The April 9 letter, from Southeastern Asset Management, argues that there are better offers on the table than the current $13.65-per-share deal with Silver Lake Partners for a leveraged buyout.

Dell issued a proxy statement last week detailing the background of the Silver Lake deal as well as other proposals from Icahn Enterprises and The Blackstone Group.

Related: Behind The Scenes Of Dell's Decision To Go Private

"We believe the proxy statement fails to make a case for shareholders to accept the $13.65 per share Michael Dell/Silver Lake buyout," wrote O. Mason Hawkins, chairman and CEO of Southeastern Asset Management, and G. Staley Cates, president and CIO, in the letter.

It is Southeastern Asset Management's second open letter to Dell since the Silver Lake deal was announced in February. Hawkins and Cates previously warned of a possible proxy fight and litigation if Dell continued with the Silver Lake deal.
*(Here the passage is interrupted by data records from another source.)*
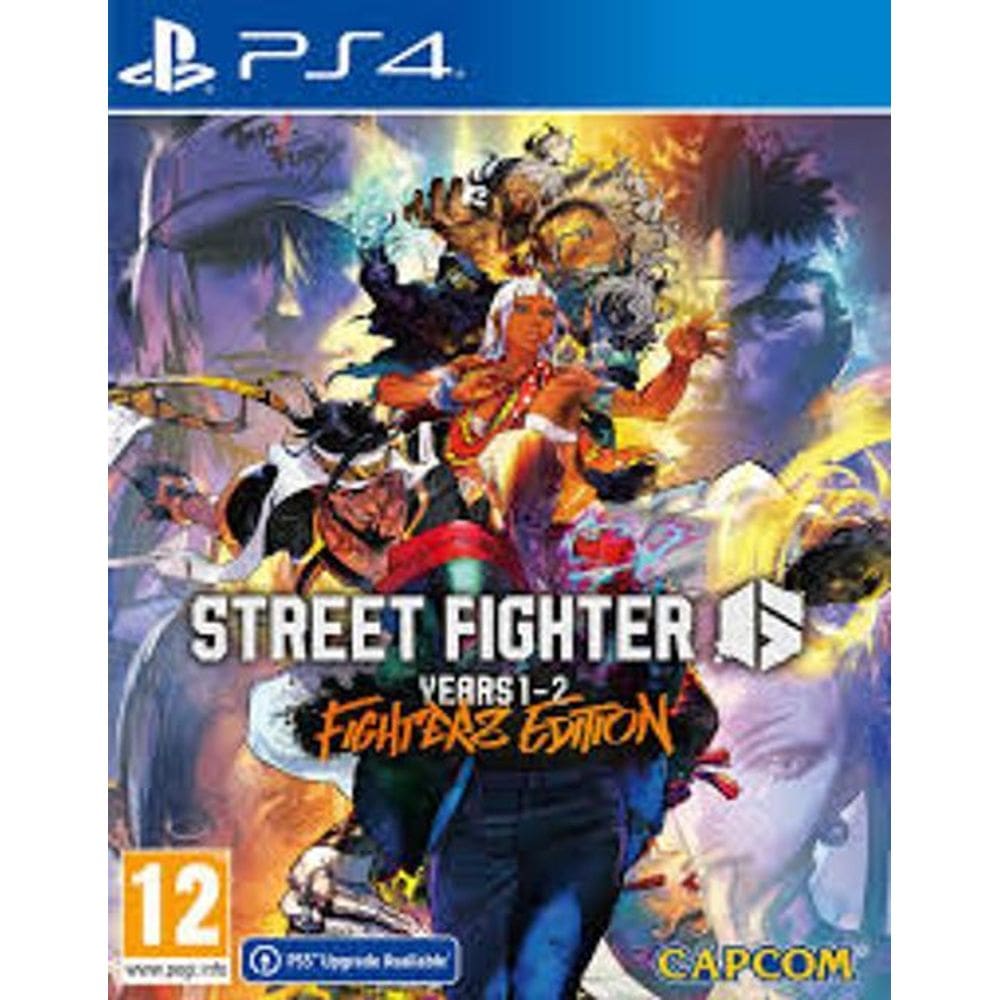 Street Fighter 6 Years 1 - 2 Fighters Edition Ps4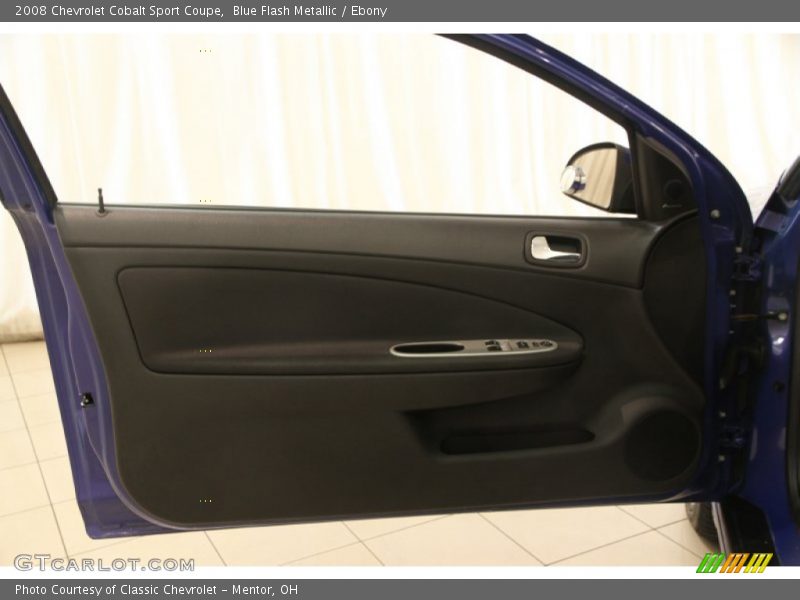 Blue Flash Metallic / Ebony 2008 Chevrolet Cobalt Sport Coupe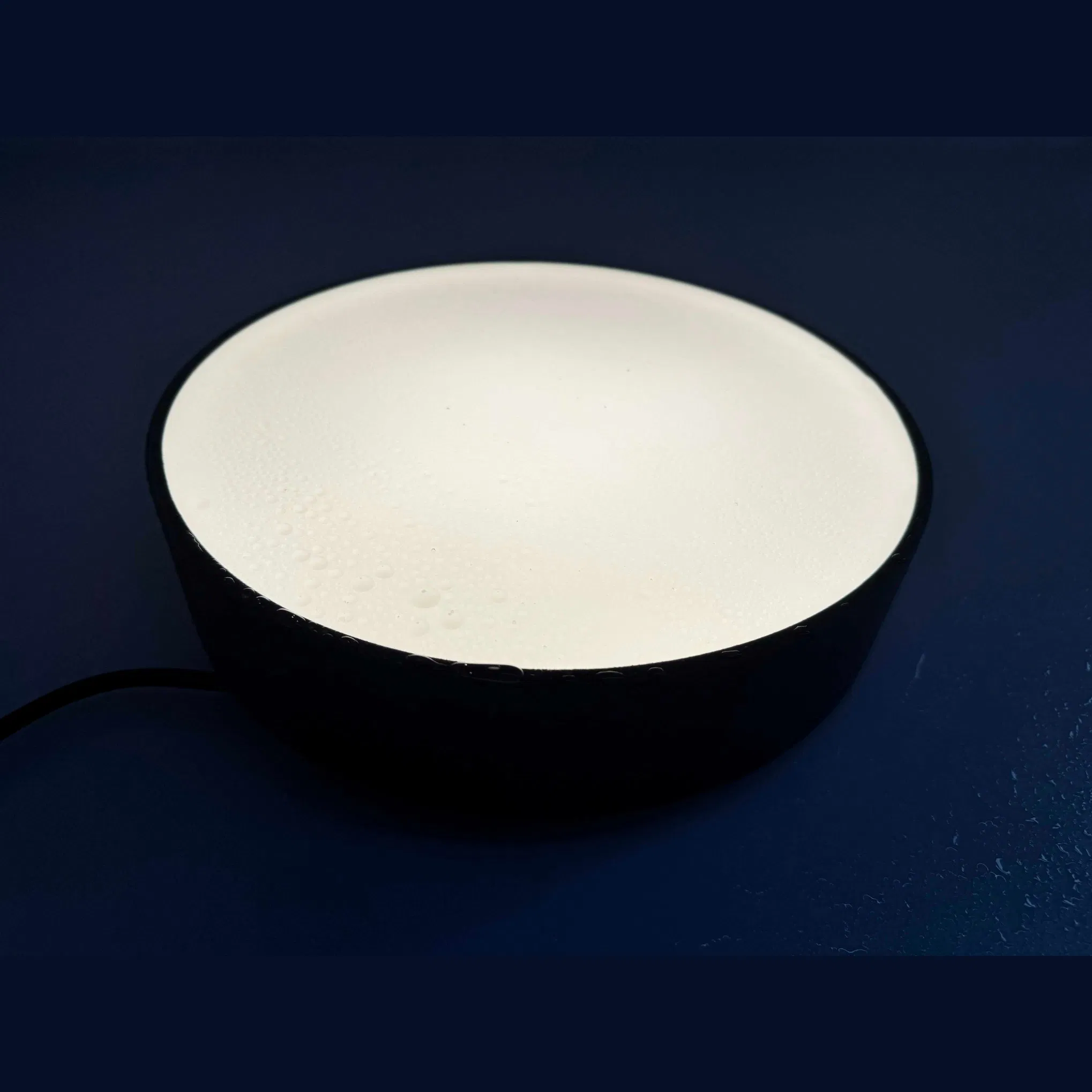IP65 Waterproof Suspended Recessed Mounted LED Round Ceiling Light for Bathroom Balcony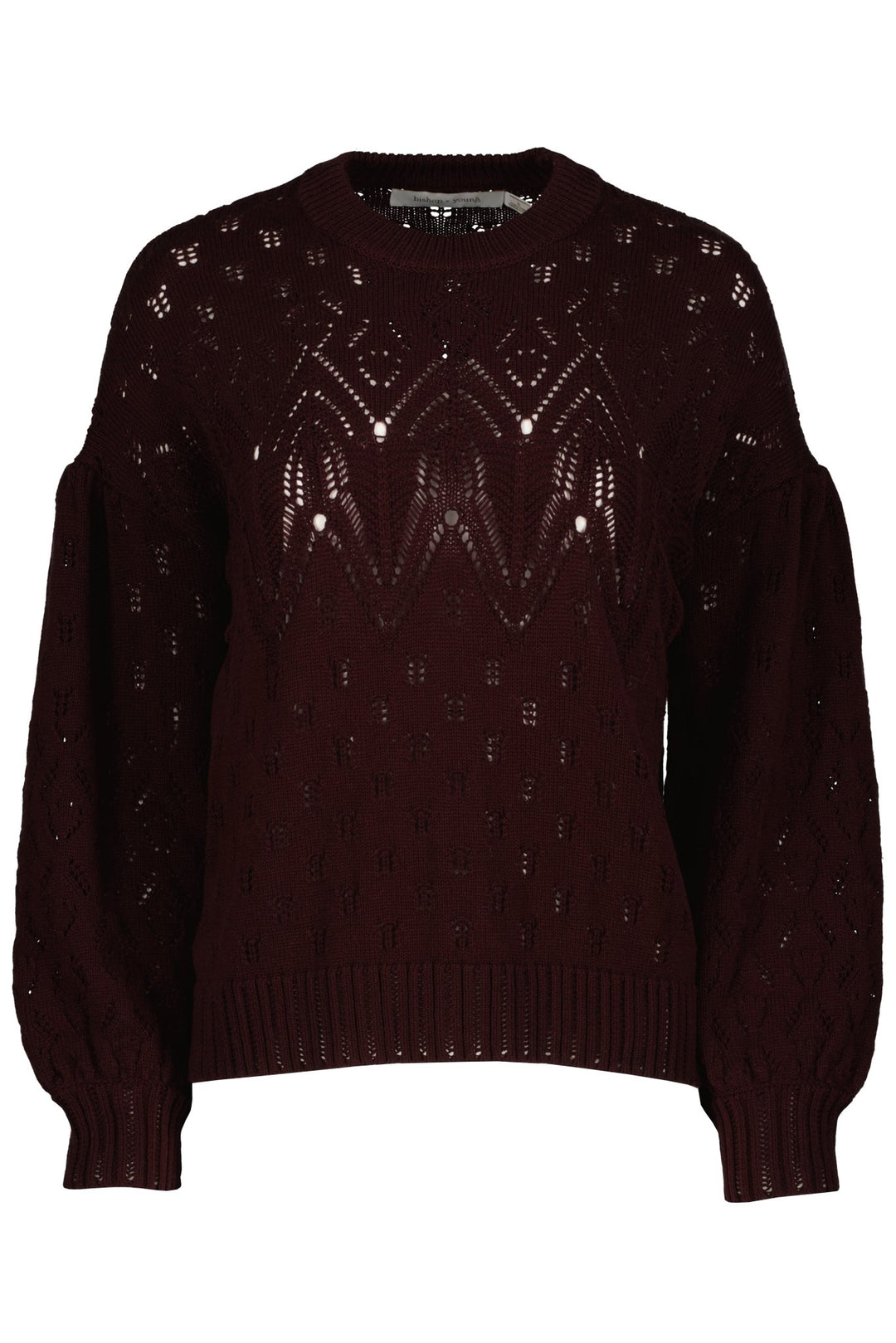 Bishop + Young Forever Pointelle Sweaterlong sleeve knit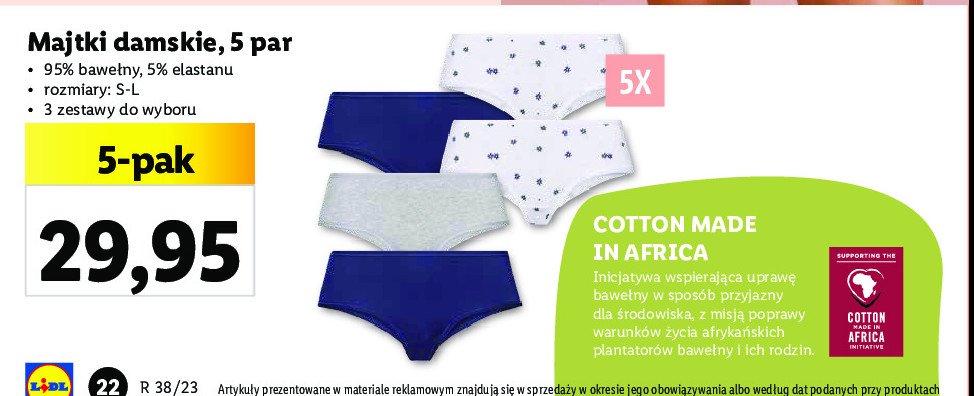Majtki damskie s-l promocja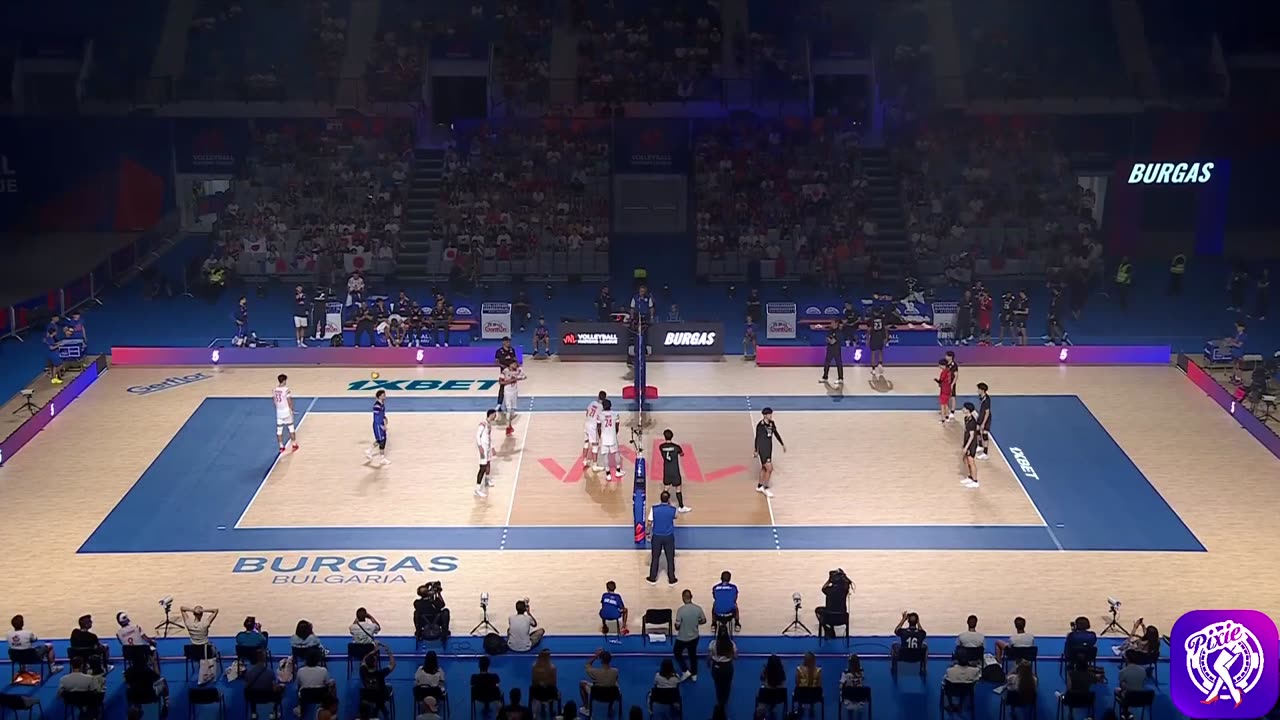 🔴 LIVE ฝรั่งเศส VS ญี่ปุ่น | VNL MEN"S 2025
"In our [first] letter to the Board, we stated that we would have been prepared to support a leveraged recapitalization and suggested it could have been done in the form of a $12 per share special dividend, a Dutch auction or another structure that would have allowed shareholders an opportunity to participate in Dell’s future. Despite the viability of such a transaction, the proxy statement shows that the board and special committee spent little time researching a leveraged recapitalization," Hawkins and Cates wrote in the April 9 letter. "The lengthy proxy statement only discusses the 'pros' and 'cons' of a leveraged recapitalization on a handful of pages and in only a cursory manner.

"The proxy statement also does not provide any real analysis or give any attention to solutions that would have either allowed shareholders to receive a large special dividend or to remain shareholders of a company with a smaller share base. It appears that neither the board nor the special committee aggressively pursued the leveraged recapitalization idea because senior management preferred a go-private transaction."

In addition, Southeastern Asset Management questions why Dell's board seems to focus on its End User Computing (EUC) business in the proxy and not its Enterprise Servers and Solutions (ESS) business, which Dell had previously highlighted as accounting for higher operating income than the EUC business.

"Given this change in public positioning, Dell's shareholders should question why the Board is suddenly focused on EUC, and not on ESS -- which was previously believed to be the future of the business," Hawkins and Cates wrote.

Dell has spent more than $13 billion on acquisitions of non-PC businesses, which Southeastern approved of at the time, the men wrote. But now long-term investors are not "being given the opportunity to participate in the return on that $13 billion investment," they wrote.

The men also wrote that the board's initial approach to limit potential acquirers to firms that would allow Michael Dell to remain CEO and retain a large stake contributed to a "price that undervalues the company."

"The special committee has obtained two preliminary alternative proposals, both of which we view as superior," Hawkins and Cates wrote. "We view these proposals as superior primarily because each offers shareholders the opportunity to remain owners of Dell while also offering a higher cash price to owners who chose to exit their investment.

"Southeastern urges the special committee to negotiate and evaluate these alternatives in good faith and to recognize that offering shareholders a choice is a win/win outcome for all parties. We can call upon the special committee to work hard to make this possibility a reality," they wrote.